What kind of plant is the Mistletoe and where does it come from? And, where did the holiday tradition of kissing under the mistletoe originate?
My inquiring mind wanted to know…..does yours?
It was my friend Cheri, or what I refer to her as my “whatever” who shared with me the story of after her and Mel got married, they were driving down a street and Mel pointed out the plants growing in the tops of oak trees along the roadsides.
He reminisced about how in his youth, he’d climb trees to cut down the mistletoe and make wreathes which he sold door to door for extra money during the Holiday.
Mistletoe is commonly found growing as a parasitic plant. There are two types of mistletoe.
The mistletoe that is commonly used as a Christmas decoration called (Phoradendron flavescent) is native to North America and grows as a parasite on trees from New Jersey to Florida.
The other type of mistletoe, (Viscum Album) is of European origin.
The use of Mistletoe goes back to the times of the ancient Druids.
They didn’t kiss under it, they believed the plant, especially a rare species that grew on oak trees, to have sacred powers including the ability to heal illnesses, protect against nightmares, and even predict the future.
The Druids would hang the plant in their houses hoping it would bring them good luck and ward off evil spirits.
In Norse mythology, Mistletoe was used as a sign of love and friendship. That’s where it’s believed the custom of kissing under Mistletoe comes from.
Mistletoe continued to be associated with fertility and vitality through the Middle Ages. By the 18th century it also became incorporated into Christmas celebrations around the world.
Victorian England is credited with perpetuating the tradition of kissing under the Mistletoe.
The custom dictated that a man was allowed to kiss any woman standing underneath Mistletoe and bad luck would befall any woman who refused the kiss.
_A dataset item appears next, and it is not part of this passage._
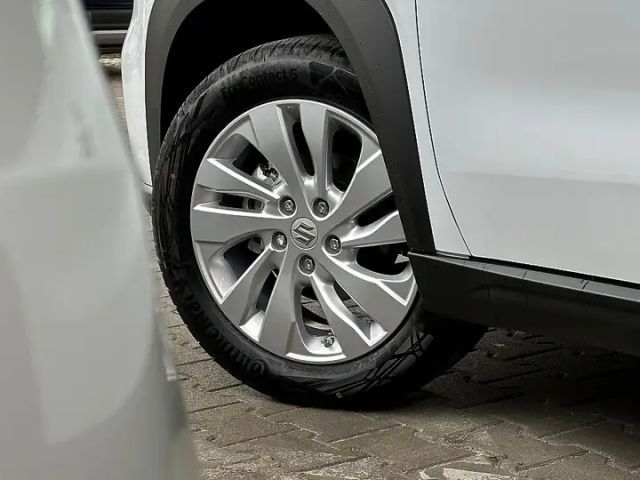 Suzuki S-Cross AllGrip Hybrid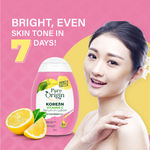 Buy Pure Origin Korean Vitamin C Bright Boosting Body Lotion 300 ml - Purplle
One variation on the tradition was with each kiss a berry was to be plucked from the mistletoe and the kissing must stop after all the berries had been removed. Thus, the traditions which began with the European mistletoe were transferred to the similar American plant with the process of immigration and settlement.
How many of you decorate your homes with a sprig of Mistletoe (real or artificial) and follow the romantic tradition of couples kissing when caught standing under it?
And oh, by the way…..it’s a worthy mention the Mistletoe plant is poisonous, so please don’t eat it……Just Kiss!
I hope you enjoyed this break from the norm and our first Holiday edition blog.